SUPPLIED MATERIAL
▽

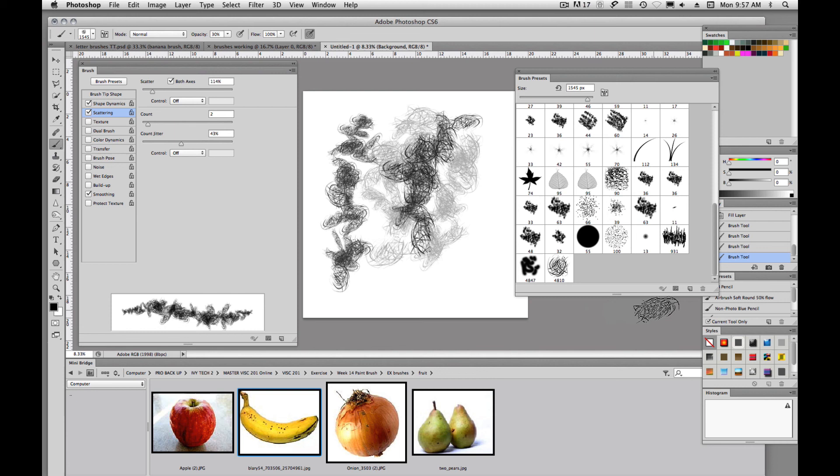Have fun with it — this is a very powerful section within Photoshop to work with. I think that'll cover brushes for now. Thank you for watching, and I will see you in yet another video tutorial.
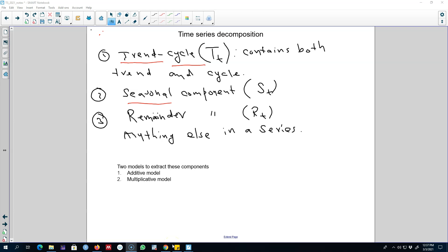Hello and welcome to time series forecasting. In this video I'm going to continue talking about time series patterns and how to decompose those patterns to understand more about a particular time series, so that we can use that information to build our model and improve our forecast accuracy. I talked about trend, seasonal, and cyclical patterns in a time series.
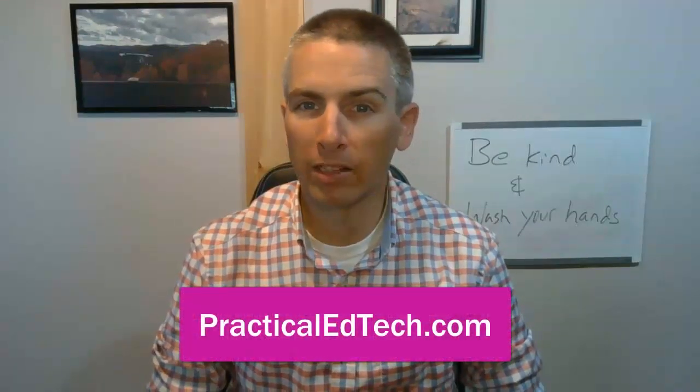As always, for more tips and tricks like this, please check out practicaledtech.com or subscribe to my YouTube channel. And I'll see you next time. Bye.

△

WHAT IS BEING ASKED
The lines above must be transcribed exactly, with every picture left out.

RESULT FOR THIS EXERCISE
Have fun with it — this is a very powerful section within Photoshop to work with. I think that'll cover brushes for now. Thank you for watching, and I will see you in yet another video tutorial.
Hello and welcome to time series forecasting. In this video I'm going to continue talking about time series patterns and how to decompose those patterns to understand more about a particular time series, so that we can use that information to build our model and improve our forecast accuracy. I talked about trend, seasonal, and cyclical patterns in a time series.
As always, for more tips and tricks like this, please check out practicaledtech.com or subscribe to my YouTube channel. And I'll see you next time. Bye.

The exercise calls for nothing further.